(1) Shares may but need not be represented by certificates. Unless this act or another statute expressly provides otherwise, the rights and obligations of shareholders are identical whether or not their shares are represented by certificates.
(2) At a minimum, each share certificate must state on its face:
(a) The name of the issuing corporation and that the corporation is organized under the laws of this state;
(b) The name of the person to whom issued; and
(c) The number and class of shares and the designation of the series, if any, the certificate represents.

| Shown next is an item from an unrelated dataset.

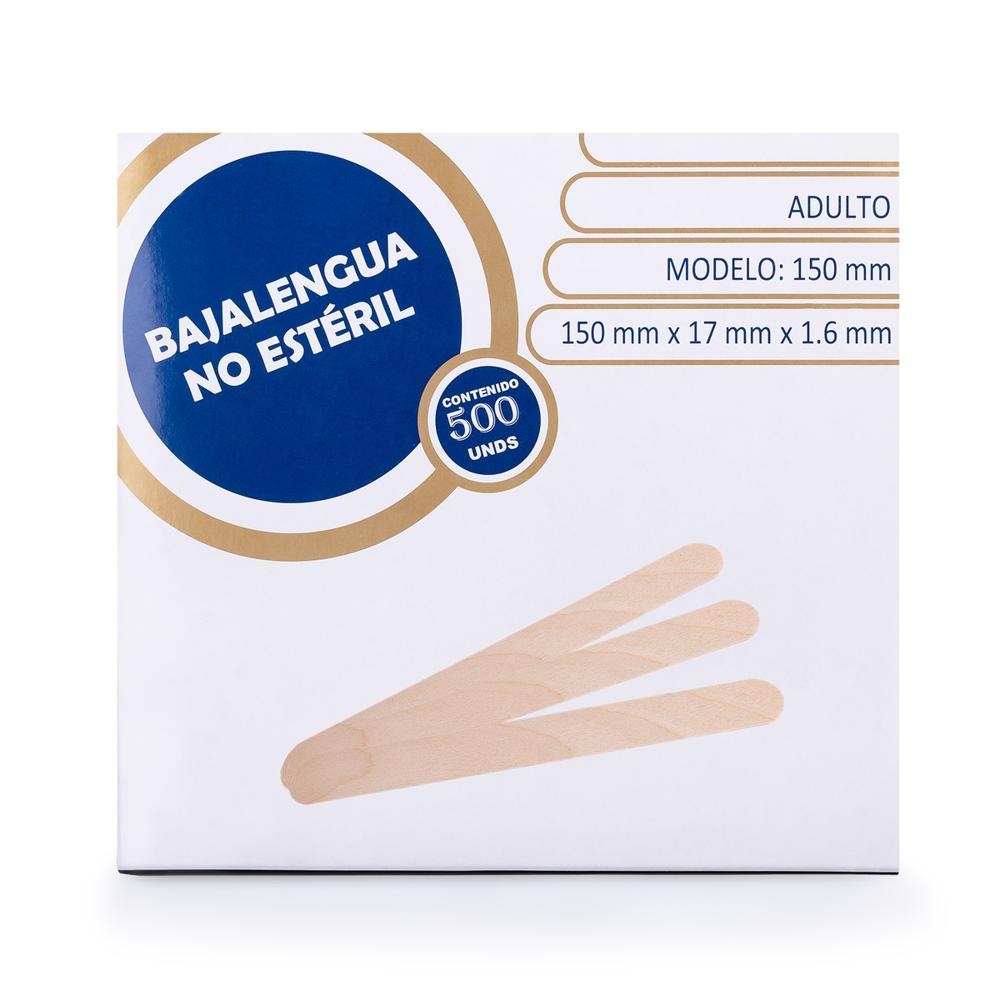Baja Lengua de Madera No Estéril para Adulto Caja 500 Und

(3) If the issuing corporation is authorized to issue different classes of shares or different series within a class, the designations, relative rights, preferences, and limitations applicable to each class and the variations in rights, preferences, and limitations determined for each series (and the authority of the board of directors to determine variations for future series) must be summarized on the front or back of each certificate. Alternatively, each certificate may state conspicuously on its front or back that the corporation will furnish the shareholder a full statement of this information on request and without charge.
(4) Each share certificate:
(a) Must be signed (either manually or in facsimile) by an officer or officers designated in the bylaws or designated by the board of directors, and
(b) May bear the corporate seal or its facsimile.
(5) If the person who signed (either manually or in facsimile) a share certificate no longer holds office when the certificate is issued, the certificate is nevertheless valid.
(6) Nothing in this section may be construed to invalidate any share certificate validly issued and outstanding under the general corporation law on July 1, 1990.